DATASET EXTRACT
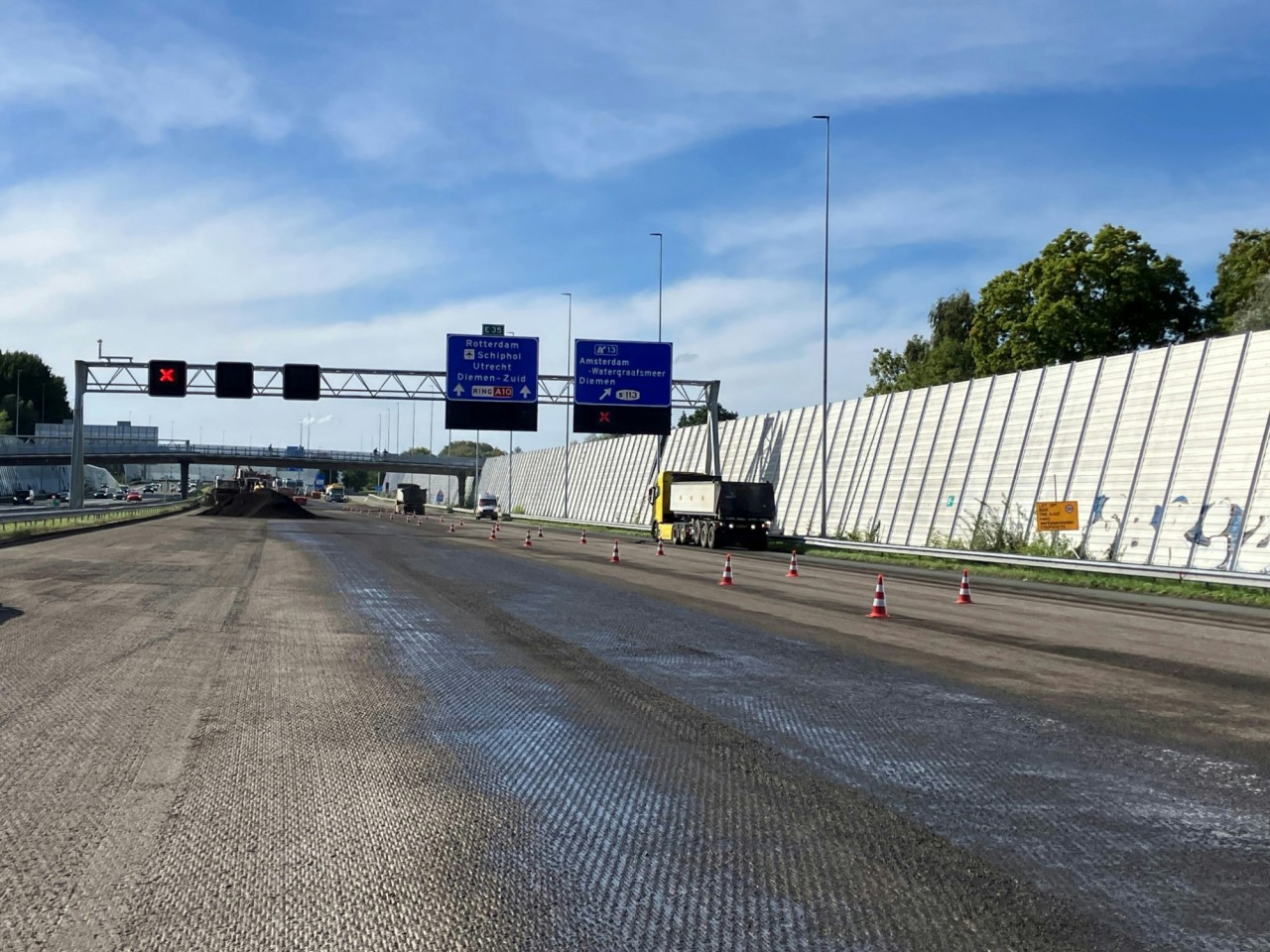Werkzaamheden aan de snelweg A10 van Watergraafsmeer richting Amstel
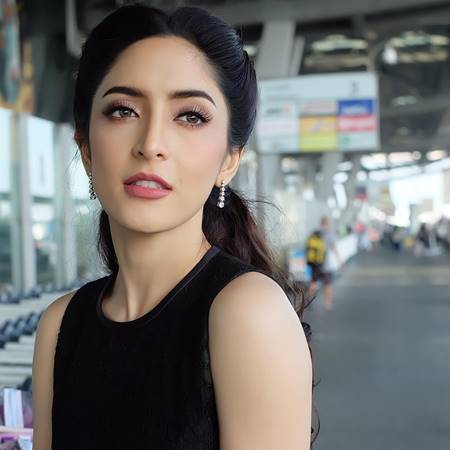 พิ้งกี้ ไฮโซเพชร อิทธิ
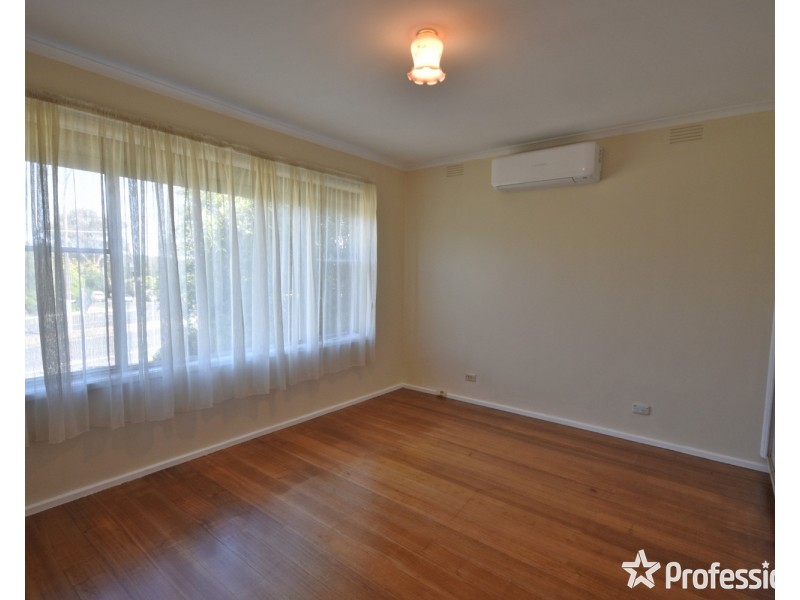 104 Manchester Road, Mooroolbark VIC 3138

PROBLEM STATEMENT
Strip out the pictures and reproduce the remaining material above exactly.

THE ANSWER
Werkzaamheden aan de snelweg A10 van Watergraafsmeer richting Amstel
 พิ้งกี้ ไฮโซเพชร อิทธิ
 104 Manchester Road, Mooroolbark VIC 3138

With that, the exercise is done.